** Opening EXERCISE MATERIALS block **
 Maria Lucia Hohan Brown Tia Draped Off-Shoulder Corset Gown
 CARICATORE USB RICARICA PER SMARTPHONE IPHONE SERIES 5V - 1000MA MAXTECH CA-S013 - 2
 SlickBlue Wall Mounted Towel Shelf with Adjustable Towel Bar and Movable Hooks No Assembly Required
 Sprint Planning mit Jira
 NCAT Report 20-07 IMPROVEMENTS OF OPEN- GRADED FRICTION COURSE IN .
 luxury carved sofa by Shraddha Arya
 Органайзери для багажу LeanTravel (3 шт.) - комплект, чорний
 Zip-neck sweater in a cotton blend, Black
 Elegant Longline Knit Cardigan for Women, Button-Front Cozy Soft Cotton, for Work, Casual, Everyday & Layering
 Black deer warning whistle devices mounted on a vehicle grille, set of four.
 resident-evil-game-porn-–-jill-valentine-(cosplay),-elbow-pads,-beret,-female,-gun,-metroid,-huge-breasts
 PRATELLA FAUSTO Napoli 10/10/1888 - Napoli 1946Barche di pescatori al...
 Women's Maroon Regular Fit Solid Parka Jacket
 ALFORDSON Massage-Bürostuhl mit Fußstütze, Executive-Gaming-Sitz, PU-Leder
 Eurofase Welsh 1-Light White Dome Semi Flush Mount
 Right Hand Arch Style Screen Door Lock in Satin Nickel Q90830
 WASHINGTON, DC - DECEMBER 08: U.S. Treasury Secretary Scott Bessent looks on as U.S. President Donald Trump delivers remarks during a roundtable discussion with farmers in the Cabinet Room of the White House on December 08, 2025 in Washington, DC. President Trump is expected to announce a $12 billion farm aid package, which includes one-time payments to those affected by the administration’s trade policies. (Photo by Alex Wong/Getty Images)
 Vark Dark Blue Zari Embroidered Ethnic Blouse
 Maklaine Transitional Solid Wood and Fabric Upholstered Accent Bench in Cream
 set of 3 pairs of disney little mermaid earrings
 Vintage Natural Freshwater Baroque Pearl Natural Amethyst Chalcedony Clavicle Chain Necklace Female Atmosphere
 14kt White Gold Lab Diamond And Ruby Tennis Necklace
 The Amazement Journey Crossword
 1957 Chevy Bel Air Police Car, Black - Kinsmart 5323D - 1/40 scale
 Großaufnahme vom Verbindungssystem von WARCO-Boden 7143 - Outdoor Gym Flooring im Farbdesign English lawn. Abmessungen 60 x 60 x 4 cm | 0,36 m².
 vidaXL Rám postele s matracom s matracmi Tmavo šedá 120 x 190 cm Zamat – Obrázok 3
** Closing EXERCISE MATERIALS block **
— TASK GOAL —
Exactness is what counts here: write out every record again.

— FINISHED TASK —
 Maria Lucia Hohan Brown Tia Draped Off-Shoulder Corset Gown
 CARICATORE USB RICARICA PER SMARTPHONE IPHONE SERIES 5V - 1000MA MAXTECH CA-S013 - 2
 SlickBlue Wall Mounted Towel Shelf with Adjustable Towel Bar and Movable Hooks No Assembly Required
 Sprint Planning mit Jira
 NCAT Report 20-07 IMPROVEMENTS OF OPEN- GRADED FRICTION COURSE IN .
 luxury carved sofa by Shraddha Arya
 Органайзери для багажу LeanTravel (3 шт.) - комплект, чорний
 Zip-neck sweater in a cotton blend, Black
 Elegant Longline Knit Cardigan for Women, Button-Front Cozy Soft Cotton, for Work, Casual, Everyday & Layering
 Black deer warning whistle devices mounted on a vehicle grille, set of four.
 resident-evil-game-porn-–-jill-valentine-(cosplay),-elbow-pads,-beret,-female,-gun,-metroid,-huge-breasts
 PRATELLA FAUSTO Napoli 10/10/1888 - Napoli 1946Barche di pescatori al...
 Women's Maroon Regular Fit Solid Parka Jacket
 ALFORDSON Massage-Bürostuhl mit Fußstütze, Executive-Gaming-Sitz, PU-Leder
 Eurofase Welsh 1-Light White Dome Semi Flush Mount
 Right Hand Arch Style Screen Door Lock in Satin Nickel Q90830
 WASHINGTON, DC - DECEMBER 08: U.S. Treasury Secretary Scott Bessent looks on as U.S. President Donald Trump delivers remarks during a roundtable discussion with farmers in the Cabinet Room of the White House on December 08, 2025 in Washington, DC. President Trump is expected to announce a $12 billion farm aid package, which includes one-time payments to those affected by the administration’s trade policies. (Photo by Alex Wong/Getty Images)
 Vark Dark Blue Zari Embroidered Ethnic Blouse
 Maklaine Transitional Solid Wood and Fabric Upholstered Accent Bench in Cream
 set of 3 pairs of disney little mermaid earrings
 Vintage Natural Freshwater Baroque Pearl Natural Amethyst Chalcedony Clavicle Chain Necklace Female Atmosphere
 14kt White Gold Lab Diamond And Ruby Tennis Necklace
 The Amazement Journey Crossword
 1957 Chevy Bel Air Police Car, Black - Kinsmart 5323D - 1/40 scale
 Großaufnahme vom Verbindungssystem von WARCO-Boden 7143 - Outdoor Gym Flooring im Farbdesign English lawn. Abmessungen 60 x 60 x 4 cm | 0,36 m².
 vidaXL Rám postele s matracom s matracmi Tmavo šedá 120 x 190 cm Zamat – Obrázok 3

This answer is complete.